Implementing Flash Attention

This article is targeted towards people with good understanding of Machine Learning and Attention, who are new to Triton, Flash Attention or GPU programming.

May 18, 2025

Understanding the Fundamentals

What is Flash Attention?

Flash Attention is a memory-efficient algorithm that speeds up attention computation by reducing data transfers between GPU Memory hierarchies. This is achieved by restructuring attention calculations into smaller blocks that fit in fast SRAM, reducing memory bottlenecks and making training of larger models with longer sequences possible.

source: Fig. 1 of the FlashAttention paper by Tri Dao et al. https://arxiv.org/pdf/2205.14135

Flash Attention consists of two primary optimization parts:

First, we use mathematical operations to reformulate the equations of the Softmax formula, reducing the required global memory reads and writes from three steps to just two, which significantly improves computational efficiency. We call this online softmax. This is done by tracking the maximum value in each row and updating the normalizing factor when a new maximum is found. When a new maximum is encountered, we multiply all previous partial sums by e^(previous_max - new_max).

Second, we optimize the matrix multiplication through parallelization using Block Matrix Multiplication. This technique divides the Query, Key, Value, and Output Matrices into blocks of power-of-2 sizes. As the Softmax is applied in each block independently, we need to recalculate the Softmax for the whole row after Q and K^T block multiplication. This operation can be improved if instead we used the online Softmax algorithm.

GPU Threading Architecture

On regular CPU cores the L1 Cache is shared among the (usually 2) threads and they can be independently run instructions. Meanwhile the "threads" on Nvidia GPUs are grouped by 32 (in AMD it's 64). GPU threads in the same grouping (called warp by NVIDIA and wavefront by AMD) run the same instructions simultaneously. Here instruction means an operation - i.e. add, multiply, etc. But each thread in a warp can run the operation with its own DATA. Some threads can be masked out and no operation to be performed with them if needed.

Parallelizing Operations on GPUs

Typical NVIDIA GPUs have in the order of ~2000 threads. In case where we want to do for example for N=1'000'000 data points the same operation at once, we should do the following.
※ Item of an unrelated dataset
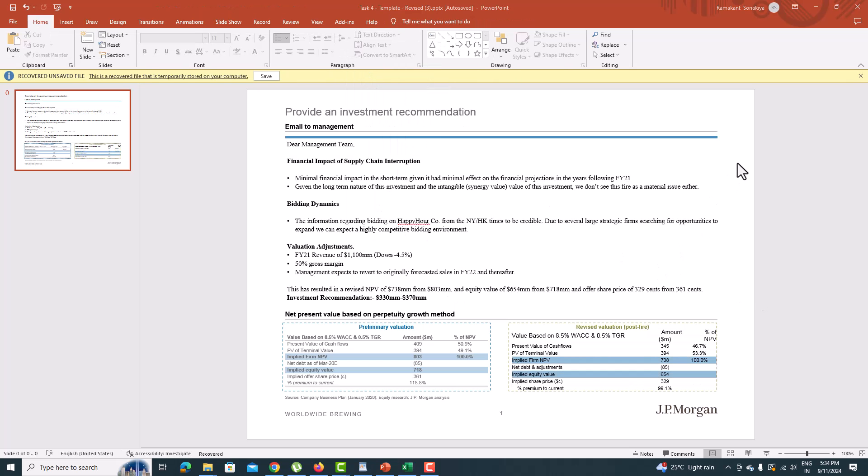Also, write an email to management about the company, your valuation adjustment, and recommendation.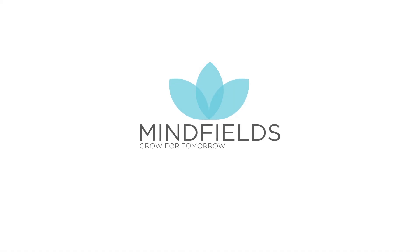Minefields. Grow for tomorrow. Please contact us at info at minefieldsglobal.com.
First, split the elements into blocks of 32, so we have ceil(N/32) blocks

int num_blocks = ceil((float)N / block_size);

printf("Vector Add - N: %d will be processed by %d blocks of size %d\n", N, num_blocks, block_size)

dim3 grid(num_blocks, 1, 1);

dim3 block(block_size, 1, 1);

Then we call the kernel, which looks the following way

cuda_vector_add_simple<<<grid, block>>>(d_OUT, d_A, d_B, N);

...

__global__ void cuda_vector_add_simple(EL_TYPE *OUT, EL_TYPE *A, EL_TYPE *B, int N)

{

int i = blockIdx.x * blockDim.x + threadIdx.x;

if (i < N)

{

OUT[i] = A[i] + B[i];

}

The thread has only its Thread ID as unique information, therefore we must use it so that each thread does the operations on its part of the data. The if statement is needed so that if the remaining items to be calculated in last block is less than the number of threads per block, no calculation would happen.

For example we have 50 as input for N. We would get ceil(50/32) = 2 blocks. Which means CUDA will call 2 warps and for the second one only 18 threads will need to execute the calculation, The remaining 14 (i from 50 up to 63) will not as we don't have data for them.

Similar mathematics using the Thread ID is used for example if we want to make a matrix operation. We should point out that the matrix is flattened in C/C++ (CUDA as well) in memory's index - i.e. it is stored by NUM_COLS times consecutive NUM_ROWS (i.e. row-major layout):

int num_blocks_ROWS = (NUM_ROWS + ROWS_block_size -1) / ROWS_block_size; //this is same as ceil(NUM_ROWS / ROWS_block_size)

int num_blocks_COLS = (NUM_COLS + COLS_block_size -1) / COLS_block_size; //this is same as ceil(NUM_COLS / COLS_block_size)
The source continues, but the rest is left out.